- **Task**: Copy the lines below exactly, starting at the one with "Embarcaciones - Vendo" and ending at the one with "Pull Cashmere Femme Élégant et Raffiné", and leave out any picture.

- **Exercise materials**:
+ + + + +

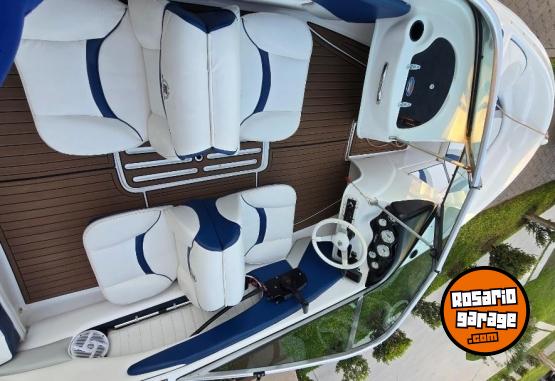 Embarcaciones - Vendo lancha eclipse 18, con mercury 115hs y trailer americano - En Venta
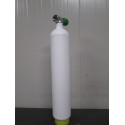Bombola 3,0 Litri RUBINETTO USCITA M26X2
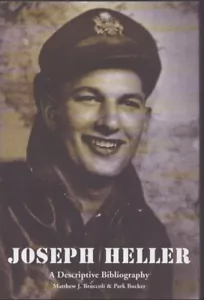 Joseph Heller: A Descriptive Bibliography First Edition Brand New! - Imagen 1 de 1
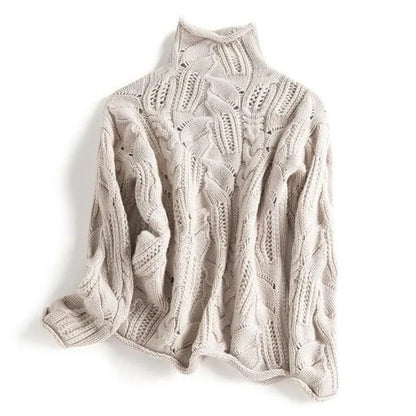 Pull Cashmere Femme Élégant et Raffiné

+ + + + +

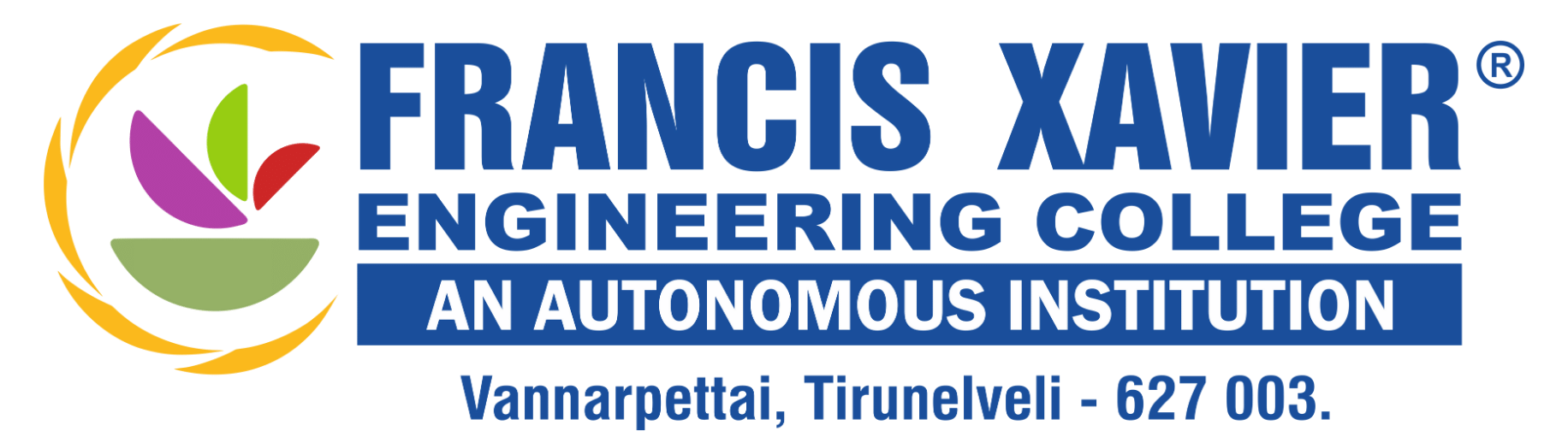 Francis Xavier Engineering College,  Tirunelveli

+ + + + +

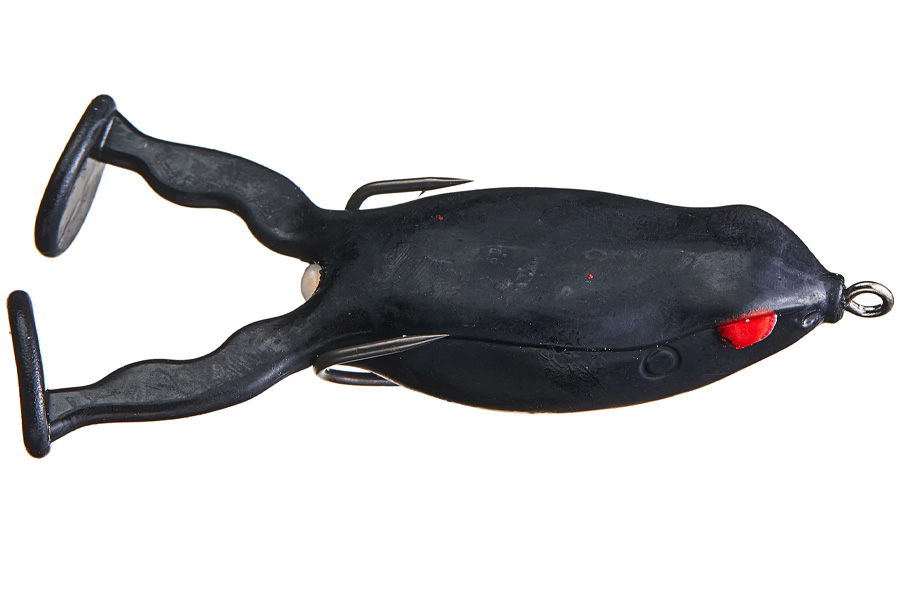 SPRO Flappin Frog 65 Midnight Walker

+ + + + +

- **Task result**:
 Embarcaciones - Vendo lancha eclipse 18, con mercury 115hs y trailer americano - En Venta
Bombola 3,0 Litri RUBINETTO USCITA M26X2
 Joseph Heller: A Descriptive Bibliography First Edition Brand New! - Imagen 1 de 1
 Pull Cashmere Femme Élégant et Raffiné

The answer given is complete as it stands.